But when Hilola dies of ovarian cancer the family and all they've built together starts to unravel. First, the ethereal Osceola begins to commune with ghosts...then she starts dating them. Kiwi runs away to the city to seek his fortune (and an education); there he finds a job with the brand new World of Darkness attraction, a giant corporate competitor that doesn't even know Swamplandia! exists. And finally, the Chief heads off the island on a business trip, leaving the two girls alone. When Osceola "elopes" with her ghost boyfriend, Ava elicits the help of a stranger who calls himself the Birdman, to help her find Osceola.

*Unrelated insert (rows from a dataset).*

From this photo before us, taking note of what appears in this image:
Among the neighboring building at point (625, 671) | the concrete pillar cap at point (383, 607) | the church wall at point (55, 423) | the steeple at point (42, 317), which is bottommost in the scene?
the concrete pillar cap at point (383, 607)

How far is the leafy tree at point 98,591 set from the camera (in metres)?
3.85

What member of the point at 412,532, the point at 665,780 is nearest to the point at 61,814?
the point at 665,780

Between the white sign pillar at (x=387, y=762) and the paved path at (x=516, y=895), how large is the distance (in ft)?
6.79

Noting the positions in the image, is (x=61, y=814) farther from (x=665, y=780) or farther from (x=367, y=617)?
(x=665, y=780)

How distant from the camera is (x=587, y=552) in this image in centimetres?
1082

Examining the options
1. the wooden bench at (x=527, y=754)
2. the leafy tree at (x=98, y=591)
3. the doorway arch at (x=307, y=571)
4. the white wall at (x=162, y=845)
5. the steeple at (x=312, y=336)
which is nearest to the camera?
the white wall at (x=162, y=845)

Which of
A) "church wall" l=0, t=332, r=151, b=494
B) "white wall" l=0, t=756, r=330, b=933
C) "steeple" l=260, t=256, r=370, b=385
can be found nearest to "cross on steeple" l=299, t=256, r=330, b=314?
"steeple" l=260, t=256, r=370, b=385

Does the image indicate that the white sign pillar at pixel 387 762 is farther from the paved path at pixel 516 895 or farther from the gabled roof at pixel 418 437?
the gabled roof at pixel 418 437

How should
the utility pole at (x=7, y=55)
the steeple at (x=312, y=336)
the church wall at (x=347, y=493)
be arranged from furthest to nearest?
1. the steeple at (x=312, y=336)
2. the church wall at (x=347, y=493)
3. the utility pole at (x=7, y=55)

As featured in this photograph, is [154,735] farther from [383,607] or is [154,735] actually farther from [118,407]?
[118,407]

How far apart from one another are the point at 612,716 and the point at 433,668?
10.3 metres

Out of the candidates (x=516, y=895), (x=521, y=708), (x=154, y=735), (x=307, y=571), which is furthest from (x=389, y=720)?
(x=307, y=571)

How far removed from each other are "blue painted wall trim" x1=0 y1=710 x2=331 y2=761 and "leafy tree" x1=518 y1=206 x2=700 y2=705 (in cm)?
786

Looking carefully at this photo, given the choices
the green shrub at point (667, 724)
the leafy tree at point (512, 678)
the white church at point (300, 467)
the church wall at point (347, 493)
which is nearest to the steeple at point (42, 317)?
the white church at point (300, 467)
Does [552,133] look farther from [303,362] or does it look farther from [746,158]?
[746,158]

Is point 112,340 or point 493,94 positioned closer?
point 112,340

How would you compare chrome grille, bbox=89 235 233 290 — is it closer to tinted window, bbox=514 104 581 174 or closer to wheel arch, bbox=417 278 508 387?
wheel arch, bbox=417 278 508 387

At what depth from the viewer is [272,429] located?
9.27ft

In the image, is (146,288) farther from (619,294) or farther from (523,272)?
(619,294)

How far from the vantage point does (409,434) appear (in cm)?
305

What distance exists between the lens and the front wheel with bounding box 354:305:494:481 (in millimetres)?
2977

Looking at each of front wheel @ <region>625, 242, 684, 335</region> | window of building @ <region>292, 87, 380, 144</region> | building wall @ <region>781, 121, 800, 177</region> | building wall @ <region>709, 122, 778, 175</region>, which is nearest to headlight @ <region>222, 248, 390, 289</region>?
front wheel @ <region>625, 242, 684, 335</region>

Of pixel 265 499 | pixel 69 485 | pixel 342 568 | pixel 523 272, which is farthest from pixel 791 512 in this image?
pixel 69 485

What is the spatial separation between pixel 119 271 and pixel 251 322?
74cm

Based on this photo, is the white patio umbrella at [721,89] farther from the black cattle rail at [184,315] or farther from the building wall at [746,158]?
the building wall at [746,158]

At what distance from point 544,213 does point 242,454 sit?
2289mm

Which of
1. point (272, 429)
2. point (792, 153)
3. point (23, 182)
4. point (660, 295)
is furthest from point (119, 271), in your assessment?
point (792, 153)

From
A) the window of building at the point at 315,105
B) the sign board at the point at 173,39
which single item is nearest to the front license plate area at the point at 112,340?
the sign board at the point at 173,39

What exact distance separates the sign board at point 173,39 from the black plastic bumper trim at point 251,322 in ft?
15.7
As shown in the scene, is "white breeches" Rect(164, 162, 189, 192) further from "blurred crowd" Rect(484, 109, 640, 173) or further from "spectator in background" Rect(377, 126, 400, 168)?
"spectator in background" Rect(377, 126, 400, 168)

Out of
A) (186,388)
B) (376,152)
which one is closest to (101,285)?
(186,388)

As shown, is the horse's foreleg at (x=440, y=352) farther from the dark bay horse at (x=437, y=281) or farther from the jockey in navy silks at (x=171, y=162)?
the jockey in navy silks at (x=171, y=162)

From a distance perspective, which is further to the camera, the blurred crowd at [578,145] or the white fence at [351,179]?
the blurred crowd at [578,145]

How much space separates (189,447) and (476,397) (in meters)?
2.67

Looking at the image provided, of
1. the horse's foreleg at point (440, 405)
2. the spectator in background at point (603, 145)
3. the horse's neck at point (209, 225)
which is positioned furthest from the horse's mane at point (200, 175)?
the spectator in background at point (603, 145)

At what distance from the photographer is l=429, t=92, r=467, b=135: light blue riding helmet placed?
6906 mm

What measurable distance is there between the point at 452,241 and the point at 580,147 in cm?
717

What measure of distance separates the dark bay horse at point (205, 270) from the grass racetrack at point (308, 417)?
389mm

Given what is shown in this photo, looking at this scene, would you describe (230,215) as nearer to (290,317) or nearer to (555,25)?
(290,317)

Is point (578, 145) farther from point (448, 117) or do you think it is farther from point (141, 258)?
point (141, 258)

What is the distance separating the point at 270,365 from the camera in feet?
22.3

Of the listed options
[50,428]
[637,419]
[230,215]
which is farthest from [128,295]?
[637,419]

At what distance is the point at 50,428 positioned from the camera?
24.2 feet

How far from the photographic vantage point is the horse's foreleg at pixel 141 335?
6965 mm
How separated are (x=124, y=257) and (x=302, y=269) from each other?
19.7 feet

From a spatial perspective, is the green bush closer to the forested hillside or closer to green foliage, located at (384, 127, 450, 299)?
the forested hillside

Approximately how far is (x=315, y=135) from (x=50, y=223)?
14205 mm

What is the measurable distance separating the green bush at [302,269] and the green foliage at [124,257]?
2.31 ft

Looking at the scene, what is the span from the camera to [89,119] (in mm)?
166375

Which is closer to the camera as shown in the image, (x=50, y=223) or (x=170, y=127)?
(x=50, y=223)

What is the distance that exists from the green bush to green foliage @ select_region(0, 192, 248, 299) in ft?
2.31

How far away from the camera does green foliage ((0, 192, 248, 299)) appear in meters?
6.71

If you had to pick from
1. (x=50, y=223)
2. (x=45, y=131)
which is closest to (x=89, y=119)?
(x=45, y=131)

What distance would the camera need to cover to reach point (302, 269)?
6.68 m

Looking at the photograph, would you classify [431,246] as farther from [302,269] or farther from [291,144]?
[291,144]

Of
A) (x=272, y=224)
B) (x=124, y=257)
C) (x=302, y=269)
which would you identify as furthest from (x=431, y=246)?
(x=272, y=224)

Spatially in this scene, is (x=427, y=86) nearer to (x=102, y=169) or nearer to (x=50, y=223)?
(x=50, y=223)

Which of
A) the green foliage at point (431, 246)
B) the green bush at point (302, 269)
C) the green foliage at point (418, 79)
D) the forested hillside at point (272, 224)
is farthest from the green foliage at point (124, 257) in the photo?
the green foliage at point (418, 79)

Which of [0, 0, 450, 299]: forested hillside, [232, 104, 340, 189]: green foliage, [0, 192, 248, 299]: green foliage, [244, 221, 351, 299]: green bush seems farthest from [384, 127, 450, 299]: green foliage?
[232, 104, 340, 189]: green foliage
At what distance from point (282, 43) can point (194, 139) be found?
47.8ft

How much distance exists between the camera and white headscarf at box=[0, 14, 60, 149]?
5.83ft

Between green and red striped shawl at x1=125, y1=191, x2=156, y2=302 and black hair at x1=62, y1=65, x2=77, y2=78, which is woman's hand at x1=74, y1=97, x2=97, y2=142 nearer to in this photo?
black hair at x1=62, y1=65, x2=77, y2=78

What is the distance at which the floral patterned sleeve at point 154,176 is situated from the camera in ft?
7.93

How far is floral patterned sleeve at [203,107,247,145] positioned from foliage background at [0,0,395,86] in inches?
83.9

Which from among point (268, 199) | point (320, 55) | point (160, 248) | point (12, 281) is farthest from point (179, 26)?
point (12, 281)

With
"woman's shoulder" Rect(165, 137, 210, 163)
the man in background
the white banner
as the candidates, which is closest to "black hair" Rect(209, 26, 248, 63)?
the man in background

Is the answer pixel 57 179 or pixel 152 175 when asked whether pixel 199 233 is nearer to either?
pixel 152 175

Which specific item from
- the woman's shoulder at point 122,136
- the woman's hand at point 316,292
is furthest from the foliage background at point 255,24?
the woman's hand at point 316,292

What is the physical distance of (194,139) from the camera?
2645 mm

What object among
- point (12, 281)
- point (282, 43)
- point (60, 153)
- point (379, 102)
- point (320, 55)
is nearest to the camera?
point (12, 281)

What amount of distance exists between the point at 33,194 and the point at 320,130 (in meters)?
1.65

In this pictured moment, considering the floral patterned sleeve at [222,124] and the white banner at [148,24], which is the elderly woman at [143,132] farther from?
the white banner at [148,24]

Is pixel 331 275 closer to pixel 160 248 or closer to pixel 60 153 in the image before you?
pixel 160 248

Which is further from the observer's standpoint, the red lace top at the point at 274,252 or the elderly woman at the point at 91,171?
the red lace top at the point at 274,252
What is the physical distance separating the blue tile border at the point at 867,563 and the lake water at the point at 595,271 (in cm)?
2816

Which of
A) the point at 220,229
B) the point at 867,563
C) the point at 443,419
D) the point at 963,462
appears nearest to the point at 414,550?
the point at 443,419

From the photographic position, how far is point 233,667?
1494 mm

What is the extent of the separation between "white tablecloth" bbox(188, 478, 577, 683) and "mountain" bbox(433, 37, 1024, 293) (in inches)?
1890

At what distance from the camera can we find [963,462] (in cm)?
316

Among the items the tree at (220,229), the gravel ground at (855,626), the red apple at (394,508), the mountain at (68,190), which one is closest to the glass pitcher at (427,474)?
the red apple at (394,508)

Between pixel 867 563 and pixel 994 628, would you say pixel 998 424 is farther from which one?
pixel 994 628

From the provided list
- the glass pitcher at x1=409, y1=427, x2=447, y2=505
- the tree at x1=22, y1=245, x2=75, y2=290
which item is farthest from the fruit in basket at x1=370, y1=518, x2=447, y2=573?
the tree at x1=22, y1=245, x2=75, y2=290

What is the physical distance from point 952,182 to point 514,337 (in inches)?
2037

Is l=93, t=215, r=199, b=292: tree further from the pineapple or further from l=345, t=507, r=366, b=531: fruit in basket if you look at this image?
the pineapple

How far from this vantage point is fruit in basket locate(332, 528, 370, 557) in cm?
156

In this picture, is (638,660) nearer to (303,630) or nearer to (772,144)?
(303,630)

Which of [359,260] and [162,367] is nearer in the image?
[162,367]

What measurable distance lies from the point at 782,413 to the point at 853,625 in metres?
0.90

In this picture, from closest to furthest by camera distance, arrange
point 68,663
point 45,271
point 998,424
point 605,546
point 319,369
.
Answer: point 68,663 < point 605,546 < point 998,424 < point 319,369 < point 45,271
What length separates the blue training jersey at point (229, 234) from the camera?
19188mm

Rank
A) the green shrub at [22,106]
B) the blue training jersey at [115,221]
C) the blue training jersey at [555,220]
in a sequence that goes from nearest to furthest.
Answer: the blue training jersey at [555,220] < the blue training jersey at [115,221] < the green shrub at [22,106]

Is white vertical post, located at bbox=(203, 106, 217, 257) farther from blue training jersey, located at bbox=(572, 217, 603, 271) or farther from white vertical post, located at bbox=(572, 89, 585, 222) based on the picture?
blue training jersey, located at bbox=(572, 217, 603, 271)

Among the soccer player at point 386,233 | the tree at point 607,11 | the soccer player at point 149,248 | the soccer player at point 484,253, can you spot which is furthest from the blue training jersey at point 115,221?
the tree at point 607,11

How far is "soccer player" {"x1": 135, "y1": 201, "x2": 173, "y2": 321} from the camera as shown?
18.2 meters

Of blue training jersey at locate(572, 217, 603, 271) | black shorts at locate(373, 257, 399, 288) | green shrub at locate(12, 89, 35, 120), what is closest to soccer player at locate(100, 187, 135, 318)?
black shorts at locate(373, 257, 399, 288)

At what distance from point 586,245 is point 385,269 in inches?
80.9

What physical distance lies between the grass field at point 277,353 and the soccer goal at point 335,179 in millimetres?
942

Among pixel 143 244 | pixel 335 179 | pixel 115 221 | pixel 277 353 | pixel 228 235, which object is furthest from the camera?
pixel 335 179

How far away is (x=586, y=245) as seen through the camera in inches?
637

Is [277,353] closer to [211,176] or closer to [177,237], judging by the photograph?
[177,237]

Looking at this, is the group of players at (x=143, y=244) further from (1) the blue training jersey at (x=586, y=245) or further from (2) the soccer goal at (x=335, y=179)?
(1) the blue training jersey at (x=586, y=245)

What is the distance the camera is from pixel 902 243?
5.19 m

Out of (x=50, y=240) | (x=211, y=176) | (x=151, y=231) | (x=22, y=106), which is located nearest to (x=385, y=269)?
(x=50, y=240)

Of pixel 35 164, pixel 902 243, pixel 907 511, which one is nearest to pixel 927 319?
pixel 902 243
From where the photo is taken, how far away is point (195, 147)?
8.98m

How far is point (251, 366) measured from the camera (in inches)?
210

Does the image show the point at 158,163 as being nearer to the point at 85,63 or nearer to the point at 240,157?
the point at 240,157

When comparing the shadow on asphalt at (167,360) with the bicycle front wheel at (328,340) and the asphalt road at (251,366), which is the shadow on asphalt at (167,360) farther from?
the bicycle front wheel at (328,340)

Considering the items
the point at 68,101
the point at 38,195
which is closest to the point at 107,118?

What ensues is an eerie journey through the primeval swamp in which the Ten Thousand Islands are situated. Ava's journey through the swamp to find the underworld has been called magical, and it is. It is also fraught with dread, for the reader as much as for Ava herself. Who is this Birdman? Why in the world would he tell a little girl he could lead her to the underworld? Can this possibly end well?

Well. It does and it doesn't. But Swamplandia!, packed as it is with gorgeous and often clever writing (one of my favorites: all of the young employees of the World of Darkness simply refer to it as "the World," a fact which makes young Kiwi mentally squirm even as he finds himself taking up the practice), atmosphere of place so rich you could eat it with a spoon, and quirky but still well-developed characters, is truly a winner.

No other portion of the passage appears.